> [WHAT IS BEING ASKED]: Nothing in the records may be altered, and no picture may be included. Restate them in full.

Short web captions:
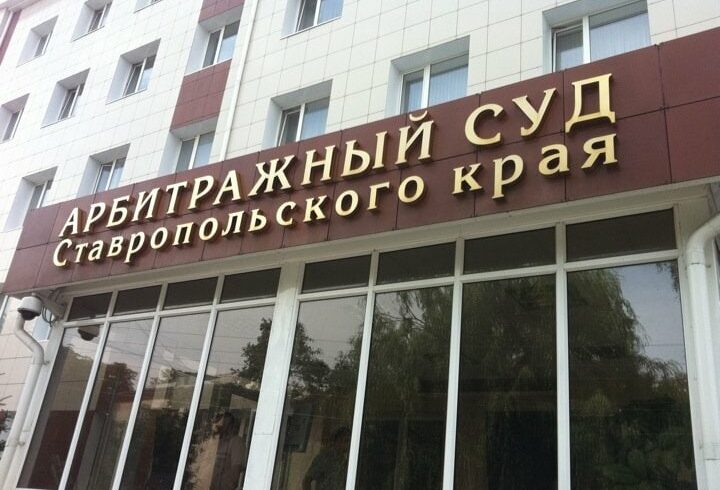 С Гидрометаллургического завода взыскивают долг за аренду
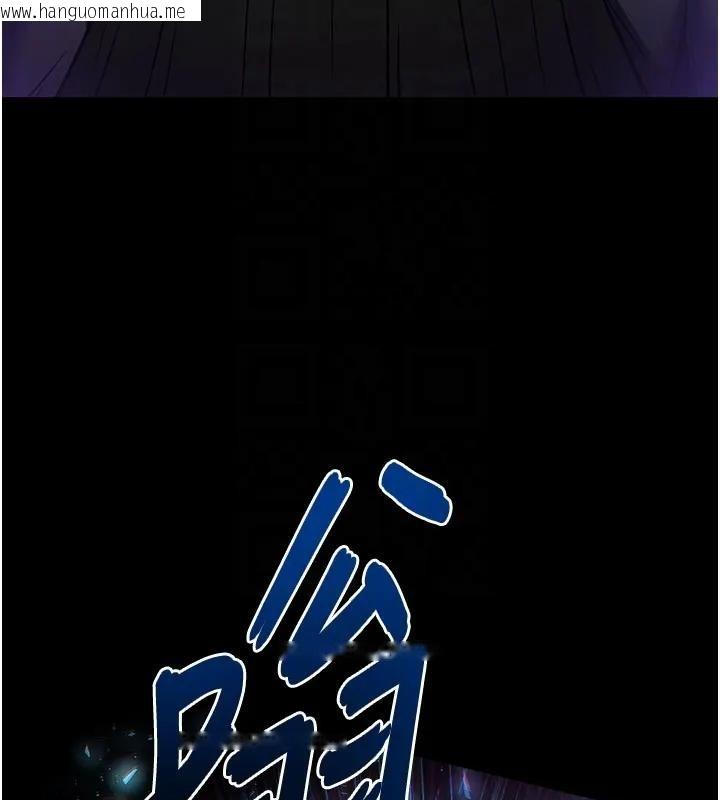 韩国漫画末日雕堡韩漫_末日雕堡-第63话-对世熙霸王硬上弓在线免费阅读-韩国漫画-第96张图片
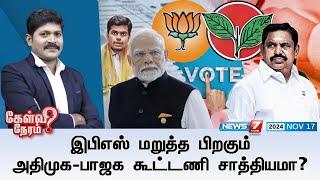 Kelvi Neram | இபிஎஸ் மறுத்த பிறகும்  அதிமுக - பாஜக கூட்டணி சாத்தியமா? I 17-11-2024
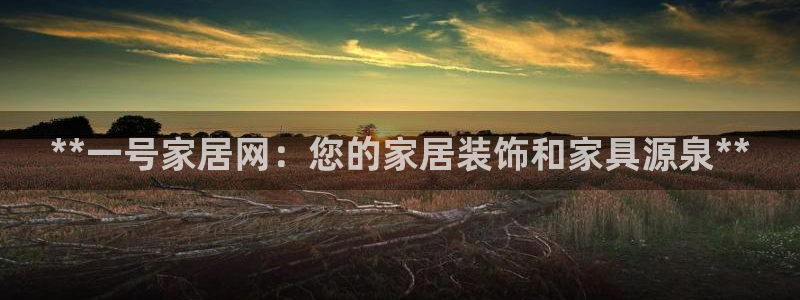 ug环球会员手机版下载
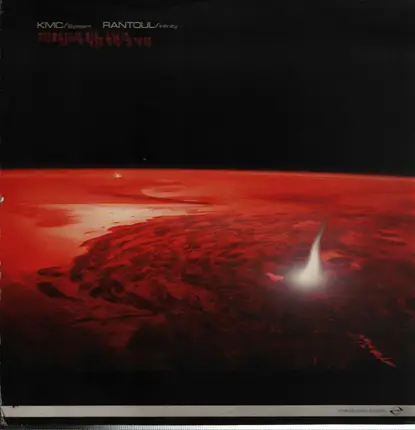 KMC / Rantoul - System / Infinity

> [ANSWER TO THE EXERCISE]:
 С Гидрометаллургического завода взыскивают долг за аренду
 韩国漫画末日雕堡韩漫_末日雕堡-第63话-对世熙霸王硬上弓在线免费阅读-韩国漫画-第96张图片
 Kelvi Neram | இபிஎஸ் மறுத்த பிறகும்  அதிமுக - பாஜக கூட்டணி சாத்தியமா? I 17-11-2024
 ug环球会员手机版下载
 KMC / Rantoul - System / Infinity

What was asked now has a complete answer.